А главное - верность... Повесть о Мартыне Лацисе | страница 16



— Да и какая это тебе подруга? Разве посвятила тебя в свое подлое дело? Значит, обманула. Это она тебя предала! Вот так. У тебя своя голова — решай!

Ангелина шевельнула губами, чуть приоткрыла рот. Должно быть, сразу родился ответ, но она сплела пальцы, крепко-крепко сжала их и этим усилием задержала его. Еще раз взглянула в лицо пожилого комиссара.

— Я поеду вместе с вами. Пусть она посмотрит мне в глаза.

Ангелина сообщила, что саквояж должна была доставить на Садовую, 32, второй этаж, журналисту господину Новицкому. А подруга Нина — племянница известного приват-доцента Громова.

— Громова? Все понятно — один из лидеров черносотенного «Союза русского народа»! Его каинова печать на листовках.

Петров вызвал автомобиль и сказал Ивану Ивановичу-старшему:

— Выправляй, товарищ Покотилов, свою промашку! Бери наследника, бери матроса товарища Тюникова, потому как не исключено вооруженное сопротивление, захвати девушку и дуй на квартиру ученого контрреволюционера! А на Садовую к господину Новицкому сейчас другую группу отправлю.

Иван Иванович-младший обрадовался. Обрадовался за себя, а за отца — особенно. Сами напортачили, сами и исправят. Срамотища, если б Петров других послал.

В автомобиле Иван Иванович-старший посоветовал Ангелине самой позвонить в квартиру Громова, назвать себя, и тогда их всех беспрепятственно впустят. Корсакова понимающе кивнула.

Автомобиль остановился на Невском, за Казанским собором. Все четверо поднялись на третий этаж, где на двери медная табличка гласила: «А.А. Громов. Приват-доцент».

Все произошло, как и было задумано: на звонок откликнулась горничная. Голос Ангелины она узнала, дверь открыла немедля. Иван Иванович-старший приложил палец к губам, чтобы та не пикнула.

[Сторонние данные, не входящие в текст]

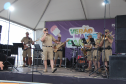 Nem a chuva afasta o público: Banda da PMPR agita o Palco Sunset em Shangri-Lá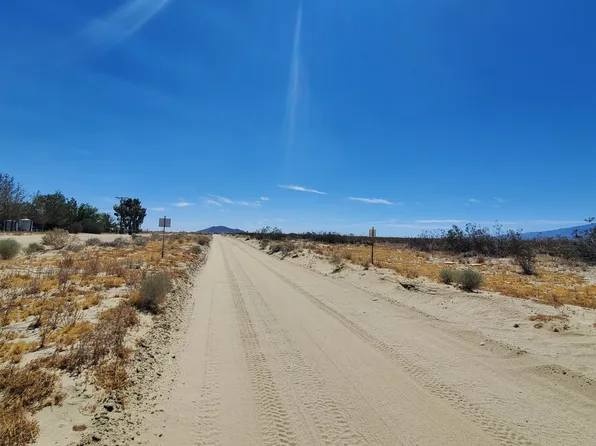 E Ave S, Llano, CA 93544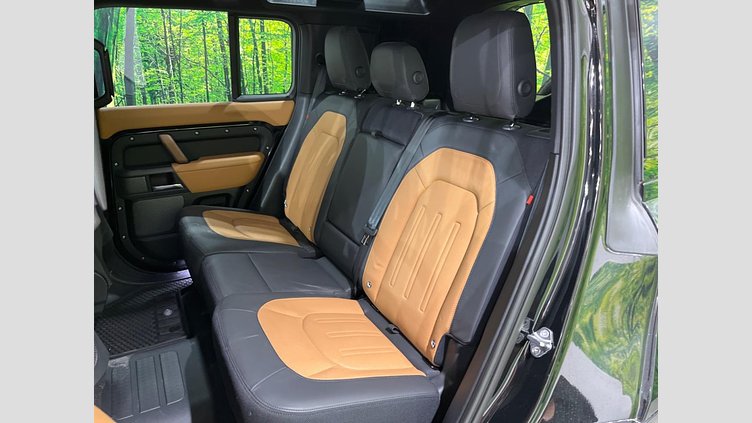 2023 認定中古車 Land Rover Defender 110 サントリーニブラック D300 AWD（AT） X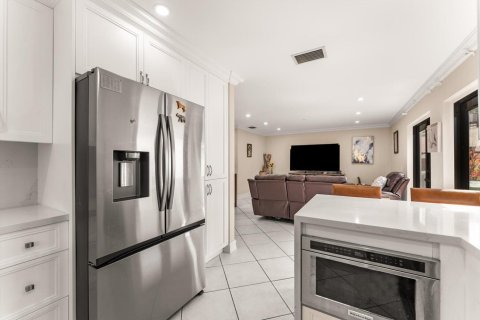 House in Weston, Florida 4 bedrooms, 195.37 sq.m. № 2086522 - photo 10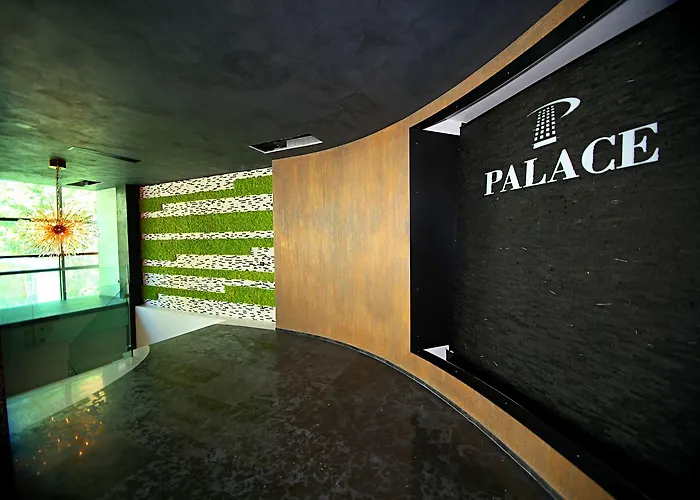 Hotel Palace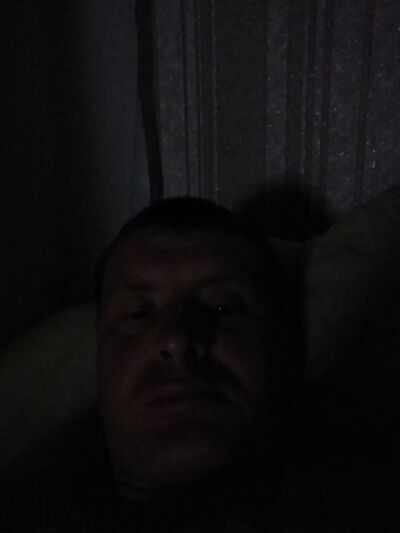  ,   Viktor, 37 ,   ,   , c 
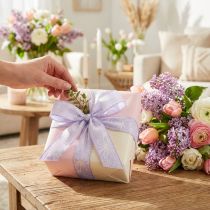Artikel Geschenkband mit Blumenmotiv, Polyethersulfon und Leinen, 25mm x 18m, Lila/Weiss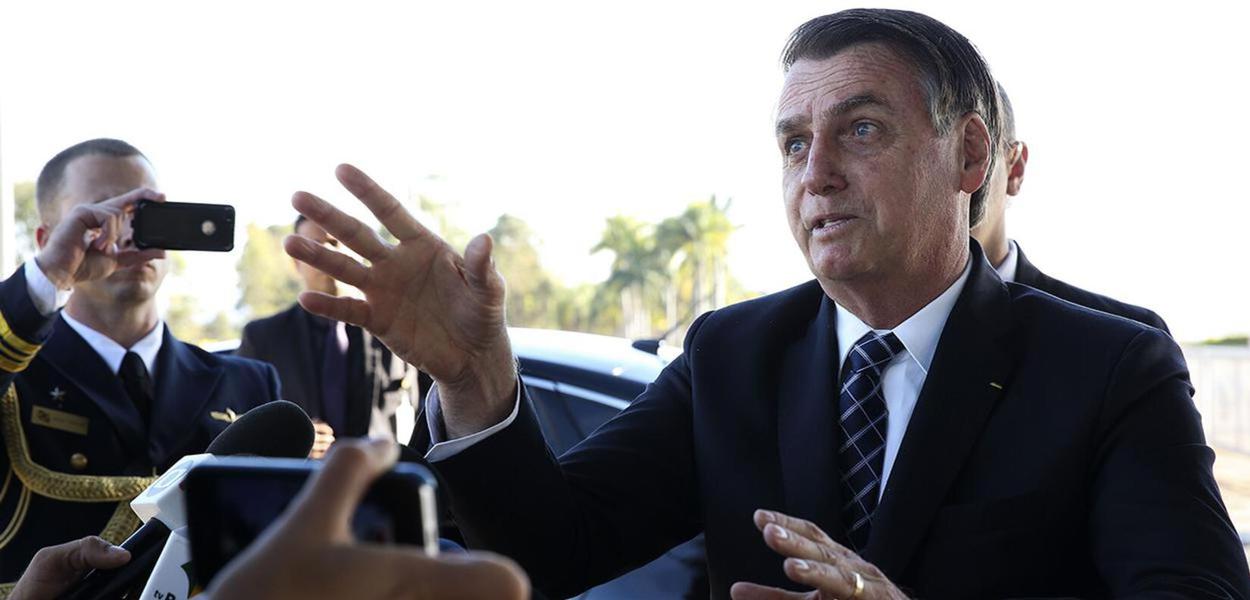 Descontrolado, Bolsonaro faz ataque homofóbico a jornalista: “você tem cara de homossexual terrível”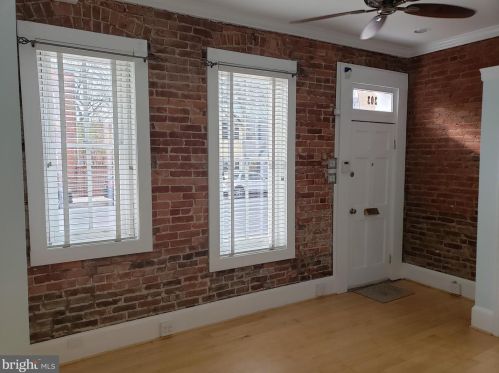 203 Patrick St, Alexandria VA  22314-2441 exterior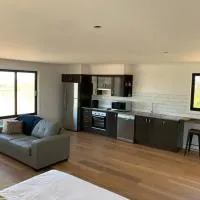 Modern studio with fabulous views, готель у місті Guyra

— Из Смольного. Веди к барину!

— Барин с мадам в спальне, — от страха чуть слышно промолвила горничная и показала на вторую дверь по коридору.

Ангелину и горничную попросили остаться в прихожей.

Иван Иванович-старший постучал и приоткрыл дверь спальни. Широченная кровать под балдахином. На тумбочке тлел ночник.

— Комиссары из Смольного! — громко сказал он. — Гражданин Громов, выходите!

— Кто дал вам право врываться ночью! — взъерепенился тот.

— Революция дала право!

Громов поднялся. На нем была длинная ночная рубаха. Протянул руку, взял с тумбочки очки. Он не сомневался: неспроста нагрянули к нему комиссары. Мелькнула мысль о прокламациях, но постарался прогнать ее.

— Чем обязан тому, что ваша революция, — Громов сделал ударение на слове «ваша», — остановила на мне свое око? — Снял со спинки кресла халат, надел его, завязал пояс на полном животе.